▶ Work order
The answer is a stretch of the material below, returned exactly: the line containing "Outsunny 6.2' x", the line containing "overhead drone shot", and all lines between.
Start of The input
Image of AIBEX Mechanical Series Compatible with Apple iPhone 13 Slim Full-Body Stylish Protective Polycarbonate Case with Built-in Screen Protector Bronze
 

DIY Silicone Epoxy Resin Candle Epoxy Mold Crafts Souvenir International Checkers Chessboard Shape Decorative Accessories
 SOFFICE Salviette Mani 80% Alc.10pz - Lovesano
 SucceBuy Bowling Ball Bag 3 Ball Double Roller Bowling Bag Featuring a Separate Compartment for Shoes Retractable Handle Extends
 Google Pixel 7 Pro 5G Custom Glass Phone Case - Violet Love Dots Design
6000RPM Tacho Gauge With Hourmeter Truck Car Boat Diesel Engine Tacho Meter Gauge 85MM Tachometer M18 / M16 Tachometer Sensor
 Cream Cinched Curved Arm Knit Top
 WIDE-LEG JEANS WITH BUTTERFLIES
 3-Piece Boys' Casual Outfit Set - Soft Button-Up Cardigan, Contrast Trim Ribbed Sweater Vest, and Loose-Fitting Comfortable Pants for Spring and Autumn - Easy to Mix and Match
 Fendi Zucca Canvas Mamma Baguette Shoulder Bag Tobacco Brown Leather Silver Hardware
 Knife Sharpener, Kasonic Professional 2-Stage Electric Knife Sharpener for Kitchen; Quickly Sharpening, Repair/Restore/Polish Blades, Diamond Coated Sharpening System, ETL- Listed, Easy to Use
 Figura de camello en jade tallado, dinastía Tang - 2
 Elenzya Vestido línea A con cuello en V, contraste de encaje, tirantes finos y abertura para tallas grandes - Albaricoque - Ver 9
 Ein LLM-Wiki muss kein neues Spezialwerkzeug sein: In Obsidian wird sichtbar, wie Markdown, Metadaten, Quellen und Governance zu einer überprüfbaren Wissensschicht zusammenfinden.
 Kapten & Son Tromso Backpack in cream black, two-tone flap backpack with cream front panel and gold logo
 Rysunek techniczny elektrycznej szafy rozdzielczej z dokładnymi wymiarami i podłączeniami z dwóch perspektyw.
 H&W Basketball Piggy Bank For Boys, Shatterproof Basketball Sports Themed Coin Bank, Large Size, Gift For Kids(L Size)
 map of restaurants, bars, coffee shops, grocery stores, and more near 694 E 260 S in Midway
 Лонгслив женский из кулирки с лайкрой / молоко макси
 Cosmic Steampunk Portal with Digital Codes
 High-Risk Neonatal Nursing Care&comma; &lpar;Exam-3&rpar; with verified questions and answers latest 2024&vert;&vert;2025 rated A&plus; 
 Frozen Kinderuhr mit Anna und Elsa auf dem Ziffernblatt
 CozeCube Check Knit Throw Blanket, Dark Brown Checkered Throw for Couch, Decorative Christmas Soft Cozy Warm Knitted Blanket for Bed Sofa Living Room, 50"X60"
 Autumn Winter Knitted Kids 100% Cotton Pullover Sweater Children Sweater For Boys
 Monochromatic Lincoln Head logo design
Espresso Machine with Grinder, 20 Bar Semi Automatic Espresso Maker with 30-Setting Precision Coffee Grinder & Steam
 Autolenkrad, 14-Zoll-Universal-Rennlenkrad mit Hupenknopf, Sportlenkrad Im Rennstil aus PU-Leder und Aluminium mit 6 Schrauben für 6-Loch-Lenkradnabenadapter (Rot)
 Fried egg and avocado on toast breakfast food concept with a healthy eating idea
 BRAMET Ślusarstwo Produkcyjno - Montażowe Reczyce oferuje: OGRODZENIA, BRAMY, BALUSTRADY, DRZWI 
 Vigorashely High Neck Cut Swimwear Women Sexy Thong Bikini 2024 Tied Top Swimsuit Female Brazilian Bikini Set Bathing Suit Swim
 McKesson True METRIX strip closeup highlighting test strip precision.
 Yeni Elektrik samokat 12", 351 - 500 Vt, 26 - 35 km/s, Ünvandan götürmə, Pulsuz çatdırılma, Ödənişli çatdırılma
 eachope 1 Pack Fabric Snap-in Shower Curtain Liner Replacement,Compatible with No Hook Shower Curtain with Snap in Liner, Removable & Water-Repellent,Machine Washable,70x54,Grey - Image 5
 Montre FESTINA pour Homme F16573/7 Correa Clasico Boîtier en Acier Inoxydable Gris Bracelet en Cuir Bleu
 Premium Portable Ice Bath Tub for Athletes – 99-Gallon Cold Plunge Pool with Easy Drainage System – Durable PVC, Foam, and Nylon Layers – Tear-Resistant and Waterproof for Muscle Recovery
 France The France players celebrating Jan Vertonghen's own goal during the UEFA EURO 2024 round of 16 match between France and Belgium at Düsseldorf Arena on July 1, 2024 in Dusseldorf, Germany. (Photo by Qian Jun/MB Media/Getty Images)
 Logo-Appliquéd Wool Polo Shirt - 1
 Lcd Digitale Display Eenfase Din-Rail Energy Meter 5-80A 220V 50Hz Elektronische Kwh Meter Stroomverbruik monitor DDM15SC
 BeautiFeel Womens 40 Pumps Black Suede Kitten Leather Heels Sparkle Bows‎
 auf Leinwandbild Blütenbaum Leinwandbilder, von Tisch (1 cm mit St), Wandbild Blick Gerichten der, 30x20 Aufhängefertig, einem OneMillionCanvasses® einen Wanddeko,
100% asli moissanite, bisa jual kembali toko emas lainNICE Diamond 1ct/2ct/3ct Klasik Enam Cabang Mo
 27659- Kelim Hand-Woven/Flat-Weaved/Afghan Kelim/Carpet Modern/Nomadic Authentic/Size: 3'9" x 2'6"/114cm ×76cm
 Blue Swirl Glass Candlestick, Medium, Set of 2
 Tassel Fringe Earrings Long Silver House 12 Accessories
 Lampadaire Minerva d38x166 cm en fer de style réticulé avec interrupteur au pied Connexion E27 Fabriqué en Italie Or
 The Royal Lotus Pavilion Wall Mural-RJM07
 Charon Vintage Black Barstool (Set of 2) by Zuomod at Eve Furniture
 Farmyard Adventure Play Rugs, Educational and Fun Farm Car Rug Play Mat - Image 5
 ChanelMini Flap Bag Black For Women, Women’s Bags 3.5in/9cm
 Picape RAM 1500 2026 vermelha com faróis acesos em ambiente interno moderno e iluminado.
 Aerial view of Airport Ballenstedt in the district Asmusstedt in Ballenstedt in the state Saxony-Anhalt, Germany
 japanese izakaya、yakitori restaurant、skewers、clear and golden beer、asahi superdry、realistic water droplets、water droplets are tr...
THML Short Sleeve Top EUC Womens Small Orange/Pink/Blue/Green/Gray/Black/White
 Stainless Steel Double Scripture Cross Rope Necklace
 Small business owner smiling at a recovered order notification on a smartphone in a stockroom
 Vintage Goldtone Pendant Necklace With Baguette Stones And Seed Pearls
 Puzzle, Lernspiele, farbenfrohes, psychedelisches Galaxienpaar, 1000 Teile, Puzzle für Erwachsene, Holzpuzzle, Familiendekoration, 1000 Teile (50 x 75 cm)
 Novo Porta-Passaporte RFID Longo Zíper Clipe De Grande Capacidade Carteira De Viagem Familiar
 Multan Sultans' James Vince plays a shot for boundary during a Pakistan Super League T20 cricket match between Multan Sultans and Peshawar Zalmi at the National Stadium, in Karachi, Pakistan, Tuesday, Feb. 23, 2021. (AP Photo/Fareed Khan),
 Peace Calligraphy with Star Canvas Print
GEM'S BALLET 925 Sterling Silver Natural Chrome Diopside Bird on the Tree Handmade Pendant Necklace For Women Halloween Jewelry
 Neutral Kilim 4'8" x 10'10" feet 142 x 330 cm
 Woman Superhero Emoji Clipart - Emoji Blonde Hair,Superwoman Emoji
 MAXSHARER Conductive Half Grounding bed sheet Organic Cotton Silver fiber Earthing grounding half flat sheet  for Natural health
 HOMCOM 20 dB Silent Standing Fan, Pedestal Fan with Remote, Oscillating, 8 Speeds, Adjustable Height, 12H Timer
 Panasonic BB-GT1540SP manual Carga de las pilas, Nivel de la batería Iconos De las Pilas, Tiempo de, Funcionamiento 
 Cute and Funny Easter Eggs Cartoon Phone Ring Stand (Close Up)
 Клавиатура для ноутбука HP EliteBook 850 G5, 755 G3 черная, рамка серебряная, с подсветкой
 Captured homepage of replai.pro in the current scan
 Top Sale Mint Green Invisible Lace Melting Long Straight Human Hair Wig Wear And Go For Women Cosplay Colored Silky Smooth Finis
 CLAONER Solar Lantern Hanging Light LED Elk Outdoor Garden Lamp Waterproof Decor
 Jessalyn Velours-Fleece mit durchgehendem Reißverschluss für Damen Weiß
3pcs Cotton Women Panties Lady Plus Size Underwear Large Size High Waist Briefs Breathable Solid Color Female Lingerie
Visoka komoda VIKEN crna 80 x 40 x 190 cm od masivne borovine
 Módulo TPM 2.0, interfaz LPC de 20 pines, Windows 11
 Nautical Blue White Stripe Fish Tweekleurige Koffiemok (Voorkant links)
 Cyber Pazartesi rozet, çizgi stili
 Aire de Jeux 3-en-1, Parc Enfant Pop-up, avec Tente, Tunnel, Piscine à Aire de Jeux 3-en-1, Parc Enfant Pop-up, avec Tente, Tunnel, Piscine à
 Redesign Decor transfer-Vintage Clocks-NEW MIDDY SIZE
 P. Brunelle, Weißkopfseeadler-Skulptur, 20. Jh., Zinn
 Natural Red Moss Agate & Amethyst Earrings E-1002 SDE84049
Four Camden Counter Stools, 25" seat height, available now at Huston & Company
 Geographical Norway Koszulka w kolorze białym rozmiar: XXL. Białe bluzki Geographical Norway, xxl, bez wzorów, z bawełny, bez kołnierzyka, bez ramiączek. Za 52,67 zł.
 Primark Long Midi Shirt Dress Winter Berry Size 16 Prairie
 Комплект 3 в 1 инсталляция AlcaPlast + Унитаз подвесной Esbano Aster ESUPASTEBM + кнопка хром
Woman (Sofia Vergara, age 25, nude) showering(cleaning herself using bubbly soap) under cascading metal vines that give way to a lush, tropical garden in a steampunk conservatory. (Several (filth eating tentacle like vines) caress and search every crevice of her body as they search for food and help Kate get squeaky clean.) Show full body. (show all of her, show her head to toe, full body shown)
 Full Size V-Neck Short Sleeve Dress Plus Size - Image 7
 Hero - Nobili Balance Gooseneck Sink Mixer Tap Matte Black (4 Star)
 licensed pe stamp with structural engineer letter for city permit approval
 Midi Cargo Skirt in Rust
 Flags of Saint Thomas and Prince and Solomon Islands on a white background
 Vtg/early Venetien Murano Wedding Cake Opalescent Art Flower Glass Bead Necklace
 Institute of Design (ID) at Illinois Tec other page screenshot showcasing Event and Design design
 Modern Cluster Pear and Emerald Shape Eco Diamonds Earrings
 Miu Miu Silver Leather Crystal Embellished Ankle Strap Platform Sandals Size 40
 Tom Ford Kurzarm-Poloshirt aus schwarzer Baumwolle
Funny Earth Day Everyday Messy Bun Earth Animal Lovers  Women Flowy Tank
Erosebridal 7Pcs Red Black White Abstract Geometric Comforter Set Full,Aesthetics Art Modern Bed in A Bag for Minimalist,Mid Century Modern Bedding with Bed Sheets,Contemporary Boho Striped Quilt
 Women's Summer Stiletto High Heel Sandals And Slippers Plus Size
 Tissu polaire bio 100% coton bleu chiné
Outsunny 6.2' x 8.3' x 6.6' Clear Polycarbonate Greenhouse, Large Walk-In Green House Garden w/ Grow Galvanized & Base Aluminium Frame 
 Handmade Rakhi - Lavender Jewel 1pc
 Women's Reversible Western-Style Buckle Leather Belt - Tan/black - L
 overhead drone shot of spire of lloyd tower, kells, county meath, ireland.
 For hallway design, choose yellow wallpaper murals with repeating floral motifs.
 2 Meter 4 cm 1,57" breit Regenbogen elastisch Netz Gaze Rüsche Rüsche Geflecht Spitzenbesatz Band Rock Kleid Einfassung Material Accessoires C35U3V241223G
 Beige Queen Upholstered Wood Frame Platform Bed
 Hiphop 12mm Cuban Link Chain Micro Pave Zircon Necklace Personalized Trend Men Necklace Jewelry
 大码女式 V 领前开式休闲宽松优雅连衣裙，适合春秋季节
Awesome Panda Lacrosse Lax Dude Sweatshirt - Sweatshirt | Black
End of The input
▶ Reply to the exercise
Outsunny 6.2' x 8.3' x 6.6' Clear Polycarbonate Greenhouse, Large Walk-In Green House Garden w/ Grow Galvanized & Base Aluminium Frame 
 Handmade Rakhi - Lavender Jewel 1pc
 Women's Reversible Western-Style Buckle Leather Belt - Tan/black - L
 overhead drone shot of spire of lloyd tower, kells, county meath, ireland.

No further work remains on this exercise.